Australia is the driest inhabited continent on earth and as the impact of climate change intensifies, Australia faces increasingly acute long-term water shortages both in the cities and regional areas – with lower rainfall, rivers drying up and dam water levels falling. Australia’s drought has brought water to the top of the national agenda.
In the UK, climate change predictions and increased water scarcity are becoming regular front page news. A 2006 study by the UK Meteorological Office was quoted by the UN as concluding that, with no mitigation of climate change, the severe droughts that now occur only once in every 50 years will occur every other year by 2100.

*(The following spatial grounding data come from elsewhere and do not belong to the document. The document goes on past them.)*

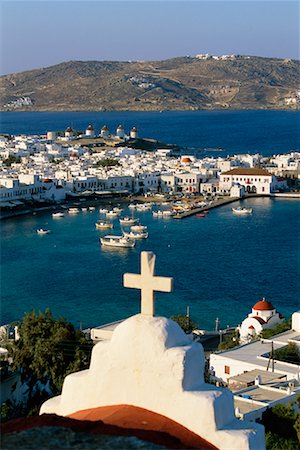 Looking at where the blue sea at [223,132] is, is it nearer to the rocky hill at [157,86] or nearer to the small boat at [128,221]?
the small boat at [128,221]

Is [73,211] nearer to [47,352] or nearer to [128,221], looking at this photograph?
[128,221]

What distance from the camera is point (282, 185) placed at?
2705cm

It's logical that the UK could learn an enormous amount from the Australian experience about the likely impacts of climate change and the water shortages on the risks posed by cocktails of existing and emerging contaminants in water and sediments. They could also gain insight into the relative merits of the various strategies the Australians will trial in order to live with the effects of these environmental changes. In turn, Australia could gain from the huge experience and knowledge in the UK regarding the fate, behaviour and effects of EDCs and other micropollutants on wildlife and human health that is severely lacking in Australia, as well as from current activities in the UK on water recycling.

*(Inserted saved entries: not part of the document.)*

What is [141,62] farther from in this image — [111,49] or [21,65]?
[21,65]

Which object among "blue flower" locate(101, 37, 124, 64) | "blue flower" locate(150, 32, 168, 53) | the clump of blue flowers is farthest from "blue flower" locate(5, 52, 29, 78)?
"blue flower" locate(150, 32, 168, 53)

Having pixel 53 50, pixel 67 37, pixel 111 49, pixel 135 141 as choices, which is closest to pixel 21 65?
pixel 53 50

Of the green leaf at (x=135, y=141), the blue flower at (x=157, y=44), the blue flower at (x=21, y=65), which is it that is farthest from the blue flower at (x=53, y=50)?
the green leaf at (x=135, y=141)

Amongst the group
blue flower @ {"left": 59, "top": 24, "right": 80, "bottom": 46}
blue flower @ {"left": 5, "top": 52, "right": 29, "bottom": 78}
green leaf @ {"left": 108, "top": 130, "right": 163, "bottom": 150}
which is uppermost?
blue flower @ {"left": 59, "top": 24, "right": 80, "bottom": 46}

In May 2009, the Prime Ministers of the UK and Australia met together and agreed to work together to forge an effective international system able to develop global answers to 21st century global problems. They agreed to focus on a number of key inter-related areas to achieve this, including climate change. The relationship between the UK and Australia already reflects common values, a shared history and a closely aligned strategic outlook. Trade and investment between the two countries are strong and people-to-people links extensive. But more can be done together. The Prime Ministers noted that both countries faced comparable challenges and agreed that both continue to have much to learn from each other and much on which to cooperate bilaterally and in international forums.